Set 5.5: Logical operators and arrays

The code below defines an array. Use the function length() to determine the length of the array, and then ask using a logical operator if the length equal 5. If done correctly, your answer should be FALSE.
multiples_of_11 <- c(11, 22, 33, 44, 55, 66)
multiples_of_11 <- c(11, 22, 33, 44, 55, 66)
length(multiples_of_11) == 5
Create an array yourself that contains with FOUR values, but this time make sure all the values are strings (each value should be surrounded by quotes). Similar to the previous question, use the function length() to ask how long the array is. Then, ask if the length of the array is equal to 4.
  • Hint: Even though each string in the array has multiple characters, each string comprises only one value in the overall array.
  • Hint 2: The output for your logical comparison should be TRUE if done correctly.
my_favorite_things <- c("raindrops on roses", "whiskers on kittens", "bright copper kettles", "warm_woolen_mittens")
length(my_favorite_things)
length(my_favorite_things) == 4
We can also perform logical operations in a vectorized context. The code below asks if all values in example_array are greater than 0. Engage with and understand this code, and then modify the the code to instead ask if every item is equal to 0 (again, be careful not to delete the example_array definition when modifying!).
  • Note: This type of output would be referred to as a logical array - it is an array of TRUE or FALSE values.
example_array <- c(5, 78, -3, 1, 6, 0)
example_array > 0
example_array <- c(5, 78, -3, 1, 6, 0)
# All are FALSE except the last entry 
example_array == 0



Set 5.6: Arrays and the new logical operator %in%

One of the most POWERFUL logical operators is %in% - it’s literally the word in enclosed by %. You can use it to ask if a given value is present in an array.
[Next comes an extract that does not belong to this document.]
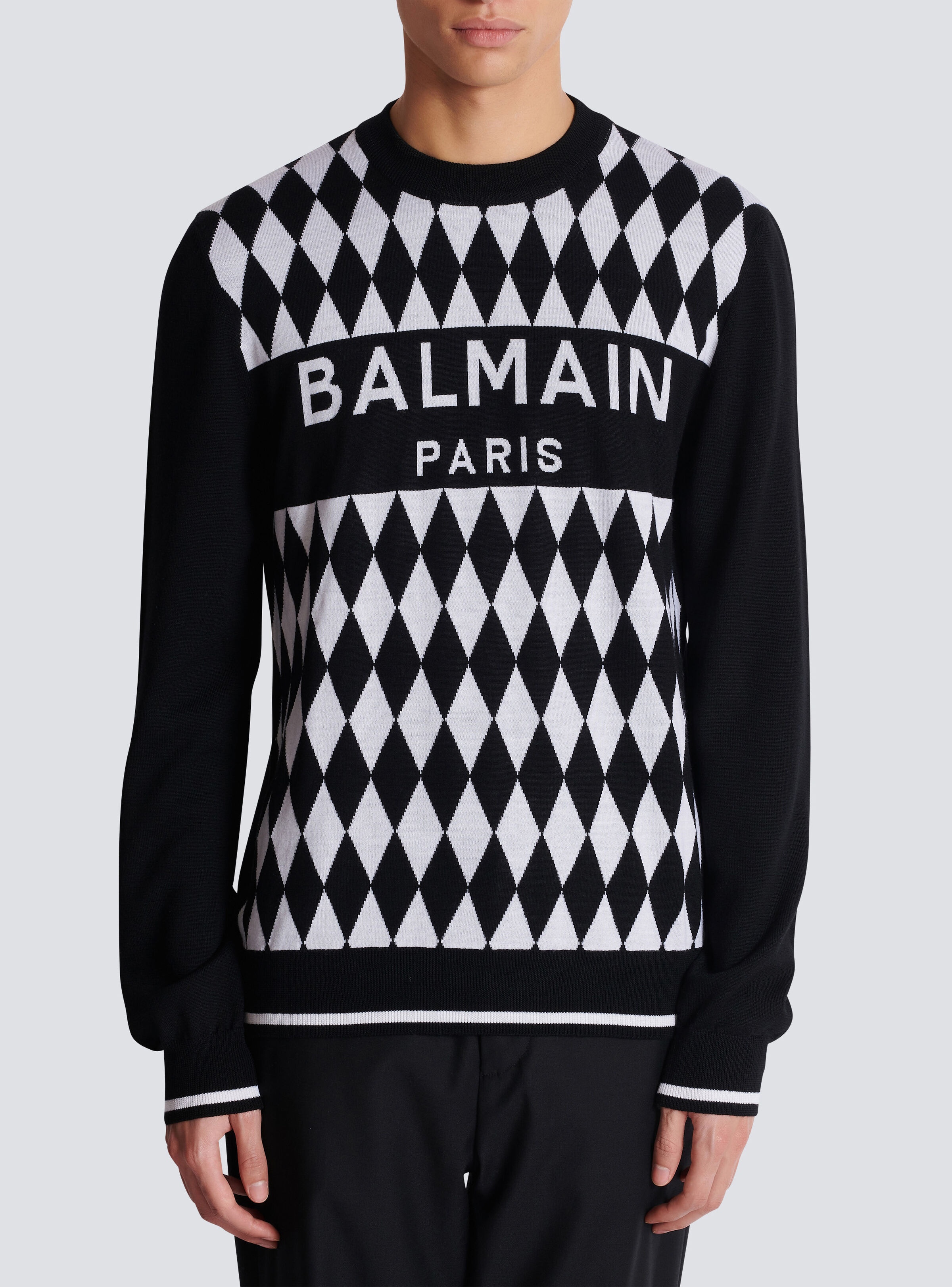 Diamond Balmain Paris two-tone jacquard jumper - 5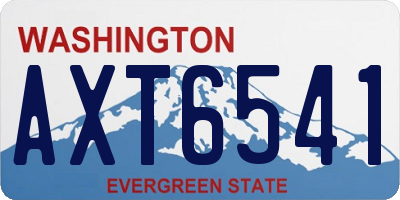 WA license plate AXT6541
Here is an example of this logical operator in action. Notice how helpful it is that I added the extra print statements so you know for sure what is being printed when!

# Define array
rainbow <- c("red", "orange", "yellow", "green", "blue", "indigo", "violet")

# Will return TRUE
print("Is 'red' in the rainbow array?")
"red" %in% rainbow

# Will return FALSE
print("Is 'black' in the rainbow array?")
"black" %in% rainbow

# This is _not_ The Way 
# It asks: Is each value in rainbow equal to "red"?
# This code technically works, but is not at all the same as using %in%
print("Does 'red' equal the whole rainbow array?")
"red" == rainbow
The code below defines an array of different animals. Use the %in% operator to ask three separate logical questions:
  • Is “goat” in this array?

  • Is “marmoset” in this array?

  • Is “GOAT” in this array? What does the answer to this code tell you about the importance of letter case??

  • Hint: Case (uppercase and lowercase letters) matters. “goat” and “GOAT” are totally different.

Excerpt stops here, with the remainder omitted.